Records to process:
- Opening Delimiter -

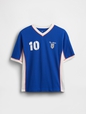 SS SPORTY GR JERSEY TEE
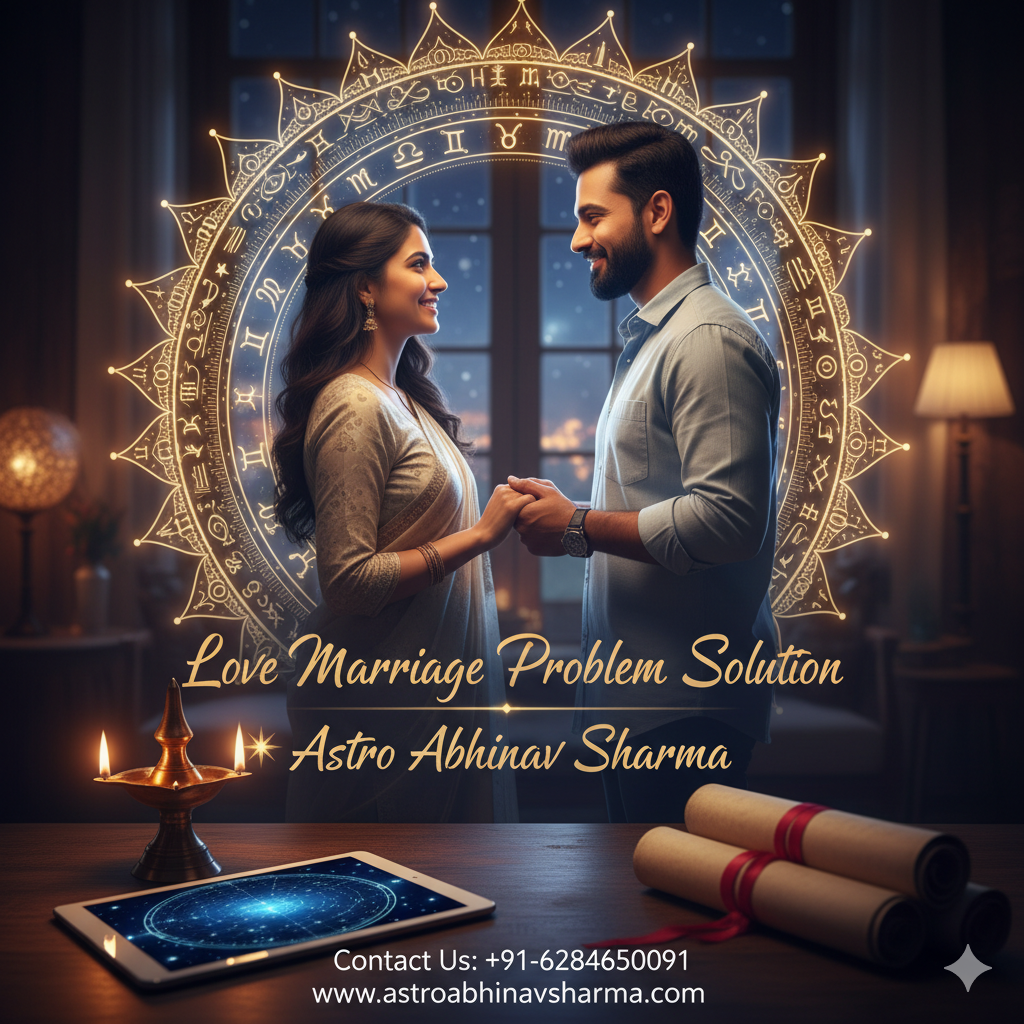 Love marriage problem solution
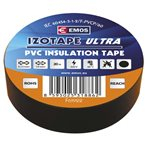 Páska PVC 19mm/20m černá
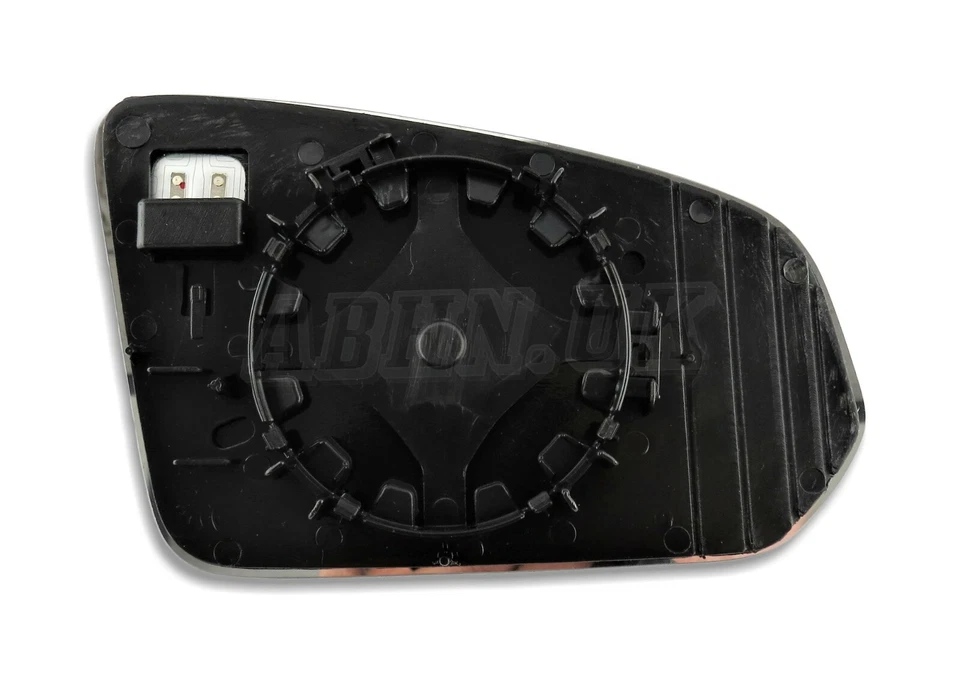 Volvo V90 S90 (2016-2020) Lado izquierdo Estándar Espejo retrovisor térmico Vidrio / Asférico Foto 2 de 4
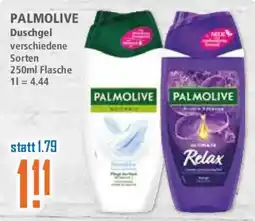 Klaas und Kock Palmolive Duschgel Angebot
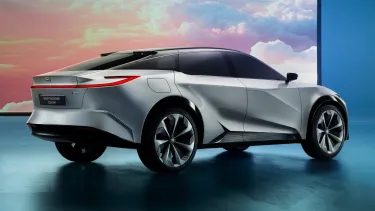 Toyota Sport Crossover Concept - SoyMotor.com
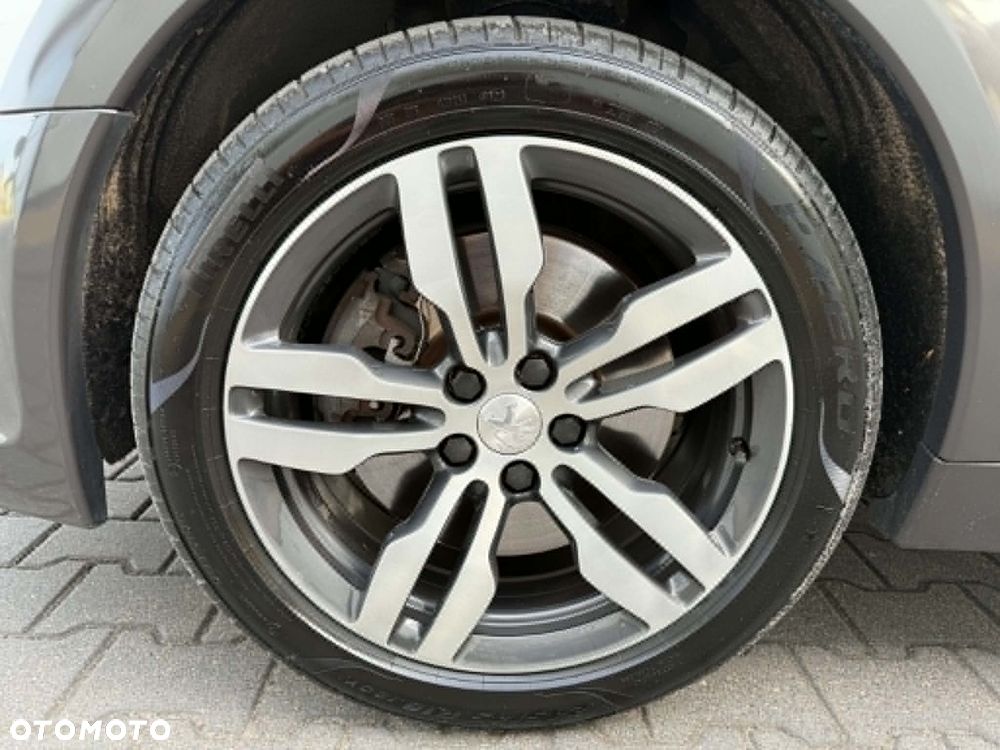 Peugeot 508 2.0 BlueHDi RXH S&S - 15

- Closing Delimiter -

Requirement:
Leave the pictures aside and give the records above back word for word.

Solution:
 SS SPORTY GR JERSEY TEE
 Love marriage problem solution
 Páska PVC 19mm/20m černá
 Volvo V90 S90 (2016-2020) Lado izquierdo Estándar Espejo retrovisor térmico Vidrio / Asférico Foto 2 de 4
 Klaas und Kock Palmolive Duschgel Angebot
 Toyota Sport Crossover Concept - SoyMotor.com
 Peugeot 508 2.0 BlueHDi RXH S&S - 15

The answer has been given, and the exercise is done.